When Tyler and Simmons founded the company, they had three goals: "sell a product that works, hire good employees, and take care of those employees." Tyler also knew that he wanted to de-emphasize the role of managers and make his engineers and field sales representatives accountable for the success of the company. "The company still operates on this original principle," Tyler points out proudly. The benefit of this approach is obvious; the more than 500 employees of ChemTreat really do have a stake in the company.

That stake grew in 1989, when Tyler and Simmons made the company an ESOP (Employee Stock Ownership Plan). As they contemplated their retirement, the two founders knew that they did not want to sell the company to outsiders. "Every merger I have ever been associated with was a disaster," Tyler says. Instead, ownership of the company was gradually transferred to the employees, and when Tyler and Simmons retired in 2000, the employees gained controlling interest.

Tyler is pleased with the direction ChemTreat has taken since his retirement, he says, "but I miss the personal association with my employees." Although he maintains an office at the company's headquarters, Tyler finds other ways to keep busy. He has spent a great deal of time restoring Fort Pocahontas, a Civil War earthen work that has been the site of battle reenactments. It was also the shooting site for scenes from the 2005 movie "The New World," starring Colin Ferrell and Christopher Plummer, based on Pocahontas and the founding of the Jamestown, Va., settlement.

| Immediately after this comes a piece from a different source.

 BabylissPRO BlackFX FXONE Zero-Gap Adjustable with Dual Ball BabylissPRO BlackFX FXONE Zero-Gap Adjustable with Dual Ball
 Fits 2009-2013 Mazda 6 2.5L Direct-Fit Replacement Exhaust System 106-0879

Tyler enjoyed spending time with the cast and crew, and the experience sparked another interest, he says. "Getting involved with the movie made me want to study Indian cultures."

Sherwood Forest
Sherwood Forest in Charles City County, Virginia

Today, Tyler lectures to groups nationwide about the history of the Tidewater region. As well, he and his wife, Payne, continue to oversee property renovations at Sherwood Forest, the family plantation in Charles City County that was home to his grandfather after President Tyler left the White House in 1845.

By any measure, Harrison Tyler is a success. He applied his Tech degree to build a career and a company, and he excelled at both. Most strangers who meet him first want to talk about his grandfather. It does not take long, however, before they realize that Harrison Tyler is unique in his own right.

Christopher Leahy (history '93), professor of history at SUNY Oneonta, is writing a biography of President John Tyler.